Kaminski headed north that weekend to visit his girlfriend at Penn State, but he spent most of the next two days in the library, poring over and printing out research papers that he brought back to College Park, Maryland, and that eventually helped the pair identify creeping bentgrass and hybrid Bermudagrass dead spot — a disease that affects new construction putting greens on sand-based root zones and leaves behind large black fungal structures. Kaminski published his dissertation on the disease with Dernoeden seven years later.
“That disease made me more than I made that disease, for sure,” says Kaminski, now the director of the Golf Course Turfgrass Management Program and professor of turfgrass science at Penn State University. “I didn’t even know what I was looking at. Dernoeden knew it was something special because he had had 30 years of experience.”

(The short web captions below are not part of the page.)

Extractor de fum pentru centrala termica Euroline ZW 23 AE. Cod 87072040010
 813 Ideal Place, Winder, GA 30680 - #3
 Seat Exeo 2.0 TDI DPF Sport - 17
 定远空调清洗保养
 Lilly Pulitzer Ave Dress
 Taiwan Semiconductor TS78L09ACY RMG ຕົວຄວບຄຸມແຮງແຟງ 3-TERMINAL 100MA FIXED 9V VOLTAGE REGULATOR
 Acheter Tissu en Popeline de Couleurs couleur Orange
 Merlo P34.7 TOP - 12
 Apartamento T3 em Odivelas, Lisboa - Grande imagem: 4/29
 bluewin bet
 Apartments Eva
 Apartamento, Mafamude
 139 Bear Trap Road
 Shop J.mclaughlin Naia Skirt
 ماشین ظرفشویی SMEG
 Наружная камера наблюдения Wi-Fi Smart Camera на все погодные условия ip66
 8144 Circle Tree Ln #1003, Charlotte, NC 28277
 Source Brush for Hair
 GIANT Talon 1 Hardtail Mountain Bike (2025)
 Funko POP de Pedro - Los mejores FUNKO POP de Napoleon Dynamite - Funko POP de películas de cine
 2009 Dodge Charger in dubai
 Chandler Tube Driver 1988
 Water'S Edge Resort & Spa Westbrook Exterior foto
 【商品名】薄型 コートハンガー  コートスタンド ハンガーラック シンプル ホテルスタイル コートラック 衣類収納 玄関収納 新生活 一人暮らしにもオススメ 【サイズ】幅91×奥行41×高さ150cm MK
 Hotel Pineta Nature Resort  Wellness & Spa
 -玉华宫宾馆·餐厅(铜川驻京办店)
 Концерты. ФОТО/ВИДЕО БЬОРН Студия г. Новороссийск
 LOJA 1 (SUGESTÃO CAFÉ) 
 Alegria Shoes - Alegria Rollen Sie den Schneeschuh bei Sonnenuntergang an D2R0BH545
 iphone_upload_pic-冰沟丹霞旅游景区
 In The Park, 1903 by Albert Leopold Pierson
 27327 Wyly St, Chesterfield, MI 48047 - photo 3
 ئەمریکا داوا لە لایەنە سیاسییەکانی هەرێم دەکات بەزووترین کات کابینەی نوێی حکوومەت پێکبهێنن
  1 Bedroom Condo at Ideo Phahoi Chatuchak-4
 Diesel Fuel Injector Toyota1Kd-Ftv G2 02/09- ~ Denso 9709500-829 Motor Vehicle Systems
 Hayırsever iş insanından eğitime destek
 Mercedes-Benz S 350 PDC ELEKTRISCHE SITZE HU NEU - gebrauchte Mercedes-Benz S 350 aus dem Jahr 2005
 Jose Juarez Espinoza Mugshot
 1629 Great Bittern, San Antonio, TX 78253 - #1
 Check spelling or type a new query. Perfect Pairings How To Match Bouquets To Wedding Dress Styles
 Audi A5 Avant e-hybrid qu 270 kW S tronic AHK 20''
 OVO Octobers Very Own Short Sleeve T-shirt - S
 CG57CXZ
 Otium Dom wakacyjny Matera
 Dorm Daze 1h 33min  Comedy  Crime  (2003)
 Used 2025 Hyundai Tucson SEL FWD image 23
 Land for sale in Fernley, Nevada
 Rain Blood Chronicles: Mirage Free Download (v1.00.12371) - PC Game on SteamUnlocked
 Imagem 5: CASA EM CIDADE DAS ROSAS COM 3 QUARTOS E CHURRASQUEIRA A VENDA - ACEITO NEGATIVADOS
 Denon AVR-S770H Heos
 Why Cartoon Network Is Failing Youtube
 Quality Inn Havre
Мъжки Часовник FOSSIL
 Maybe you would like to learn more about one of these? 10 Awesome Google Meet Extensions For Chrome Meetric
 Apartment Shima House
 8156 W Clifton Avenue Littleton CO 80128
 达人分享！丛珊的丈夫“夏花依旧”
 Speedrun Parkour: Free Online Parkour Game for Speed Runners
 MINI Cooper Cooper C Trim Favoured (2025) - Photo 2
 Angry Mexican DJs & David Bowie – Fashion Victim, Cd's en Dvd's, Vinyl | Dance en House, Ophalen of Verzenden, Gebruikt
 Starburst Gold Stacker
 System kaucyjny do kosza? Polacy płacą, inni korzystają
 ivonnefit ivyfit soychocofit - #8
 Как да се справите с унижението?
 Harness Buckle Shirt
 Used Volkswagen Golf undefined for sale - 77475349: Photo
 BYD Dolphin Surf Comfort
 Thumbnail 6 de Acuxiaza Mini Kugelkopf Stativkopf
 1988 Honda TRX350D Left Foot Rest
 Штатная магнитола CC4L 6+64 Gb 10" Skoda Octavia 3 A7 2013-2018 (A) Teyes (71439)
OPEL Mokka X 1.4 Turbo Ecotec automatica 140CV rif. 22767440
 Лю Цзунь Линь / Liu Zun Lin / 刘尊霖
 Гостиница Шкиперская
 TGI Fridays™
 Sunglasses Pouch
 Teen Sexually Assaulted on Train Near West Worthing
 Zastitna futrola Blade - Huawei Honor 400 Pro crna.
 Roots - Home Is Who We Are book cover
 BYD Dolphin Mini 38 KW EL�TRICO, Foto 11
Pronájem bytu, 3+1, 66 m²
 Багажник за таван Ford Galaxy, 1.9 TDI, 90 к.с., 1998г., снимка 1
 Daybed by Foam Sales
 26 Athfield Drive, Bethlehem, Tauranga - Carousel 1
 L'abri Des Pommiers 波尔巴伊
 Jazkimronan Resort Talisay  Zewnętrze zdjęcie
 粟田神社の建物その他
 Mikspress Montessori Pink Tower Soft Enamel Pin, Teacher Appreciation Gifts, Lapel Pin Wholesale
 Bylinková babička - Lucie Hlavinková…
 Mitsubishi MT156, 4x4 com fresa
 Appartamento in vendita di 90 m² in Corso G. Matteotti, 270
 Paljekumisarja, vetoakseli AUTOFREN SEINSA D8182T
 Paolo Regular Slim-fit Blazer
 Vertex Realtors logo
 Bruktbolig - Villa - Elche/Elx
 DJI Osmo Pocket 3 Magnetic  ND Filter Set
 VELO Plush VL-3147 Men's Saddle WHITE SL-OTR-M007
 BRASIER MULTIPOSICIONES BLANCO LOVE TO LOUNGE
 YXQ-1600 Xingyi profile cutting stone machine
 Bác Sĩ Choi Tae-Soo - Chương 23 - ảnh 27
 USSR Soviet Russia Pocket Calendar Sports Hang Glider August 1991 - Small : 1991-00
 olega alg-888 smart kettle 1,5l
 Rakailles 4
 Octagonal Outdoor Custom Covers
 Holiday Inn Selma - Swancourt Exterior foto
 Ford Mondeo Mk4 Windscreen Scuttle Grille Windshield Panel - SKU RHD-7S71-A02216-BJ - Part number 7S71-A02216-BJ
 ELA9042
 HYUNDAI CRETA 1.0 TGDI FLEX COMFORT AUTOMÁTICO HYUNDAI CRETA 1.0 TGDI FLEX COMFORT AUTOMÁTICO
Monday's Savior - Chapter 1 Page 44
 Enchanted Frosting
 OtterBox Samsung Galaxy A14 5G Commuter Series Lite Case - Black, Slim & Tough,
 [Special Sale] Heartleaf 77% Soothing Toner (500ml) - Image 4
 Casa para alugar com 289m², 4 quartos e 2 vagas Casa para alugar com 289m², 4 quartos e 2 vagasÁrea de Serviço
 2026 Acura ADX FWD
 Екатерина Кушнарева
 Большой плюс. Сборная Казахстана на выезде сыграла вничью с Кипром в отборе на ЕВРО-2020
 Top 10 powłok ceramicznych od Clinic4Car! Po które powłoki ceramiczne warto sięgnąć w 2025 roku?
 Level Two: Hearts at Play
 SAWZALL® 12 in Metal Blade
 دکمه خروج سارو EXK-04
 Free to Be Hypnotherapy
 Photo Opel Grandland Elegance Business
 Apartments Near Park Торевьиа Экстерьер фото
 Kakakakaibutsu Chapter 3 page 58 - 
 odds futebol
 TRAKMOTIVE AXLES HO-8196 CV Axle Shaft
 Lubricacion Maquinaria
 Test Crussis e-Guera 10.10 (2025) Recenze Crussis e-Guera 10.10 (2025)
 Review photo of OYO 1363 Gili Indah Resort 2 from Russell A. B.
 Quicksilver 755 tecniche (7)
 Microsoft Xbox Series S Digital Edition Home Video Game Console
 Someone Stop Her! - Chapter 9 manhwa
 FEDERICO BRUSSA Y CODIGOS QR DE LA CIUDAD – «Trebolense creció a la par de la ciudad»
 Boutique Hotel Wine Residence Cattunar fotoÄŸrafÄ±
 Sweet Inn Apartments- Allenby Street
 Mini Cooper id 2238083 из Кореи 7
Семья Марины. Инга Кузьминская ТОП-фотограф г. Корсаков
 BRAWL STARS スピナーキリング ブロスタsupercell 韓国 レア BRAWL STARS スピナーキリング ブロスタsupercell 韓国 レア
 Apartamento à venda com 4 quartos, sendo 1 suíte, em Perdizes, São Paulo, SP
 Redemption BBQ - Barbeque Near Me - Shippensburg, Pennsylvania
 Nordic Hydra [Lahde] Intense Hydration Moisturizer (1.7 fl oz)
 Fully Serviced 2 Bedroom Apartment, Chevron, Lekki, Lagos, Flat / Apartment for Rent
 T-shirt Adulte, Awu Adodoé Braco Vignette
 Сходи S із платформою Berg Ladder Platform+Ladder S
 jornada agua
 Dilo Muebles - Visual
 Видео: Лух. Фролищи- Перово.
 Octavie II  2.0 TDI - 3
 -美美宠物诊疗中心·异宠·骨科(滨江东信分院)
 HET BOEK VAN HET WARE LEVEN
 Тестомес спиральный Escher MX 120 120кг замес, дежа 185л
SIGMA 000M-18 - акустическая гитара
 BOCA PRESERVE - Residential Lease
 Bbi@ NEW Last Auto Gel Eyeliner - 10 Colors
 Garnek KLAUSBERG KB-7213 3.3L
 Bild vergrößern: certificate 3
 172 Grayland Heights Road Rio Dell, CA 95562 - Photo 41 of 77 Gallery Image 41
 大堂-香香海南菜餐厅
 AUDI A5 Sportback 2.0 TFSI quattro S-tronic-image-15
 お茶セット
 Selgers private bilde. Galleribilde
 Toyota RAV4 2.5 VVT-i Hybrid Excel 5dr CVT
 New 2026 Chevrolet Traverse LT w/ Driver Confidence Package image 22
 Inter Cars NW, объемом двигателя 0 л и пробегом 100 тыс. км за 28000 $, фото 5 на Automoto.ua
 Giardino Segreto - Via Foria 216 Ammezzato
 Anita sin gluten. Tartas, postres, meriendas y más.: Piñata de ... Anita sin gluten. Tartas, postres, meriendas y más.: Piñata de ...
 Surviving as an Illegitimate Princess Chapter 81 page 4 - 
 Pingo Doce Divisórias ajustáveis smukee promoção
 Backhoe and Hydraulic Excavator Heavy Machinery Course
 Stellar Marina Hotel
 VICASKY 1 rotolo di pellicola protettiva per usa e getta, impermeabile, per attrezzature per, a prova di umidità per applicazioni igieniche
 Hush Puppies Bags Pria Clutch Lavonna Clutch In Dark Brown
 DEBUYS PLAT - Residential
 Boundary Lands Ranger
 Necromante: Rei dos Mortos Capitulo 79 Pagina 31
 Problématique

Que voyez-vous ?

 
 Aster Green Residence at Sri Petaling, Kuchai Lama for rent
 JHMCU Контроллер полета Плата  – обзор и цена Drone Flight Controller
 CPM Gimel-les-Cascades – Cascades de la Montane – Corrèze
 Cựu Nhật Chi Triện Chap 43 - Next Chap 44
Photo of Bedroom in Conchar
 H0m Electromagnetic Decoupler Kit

Today, Kaminski looks at the diagnostics lab as the perfect place for students to learn.
“I really encourage all of my students to do pathogen isolations on media and see what the cultures look like and compare them to all the other diseases that are out there,” he says. “You can’t just look at a sample and say, ‘I know what that is.’ It’s good to play with it. You put it under different temperatures, you isolate it, you put it in different types of media.
“One of the pleasures of running a diagnostics lab and having grad students is using it as a training ground. You’re going to find it first coming into diagnostic labs. It’s the perfect training ground for grad students.”
Fresh eyes for fresh hell.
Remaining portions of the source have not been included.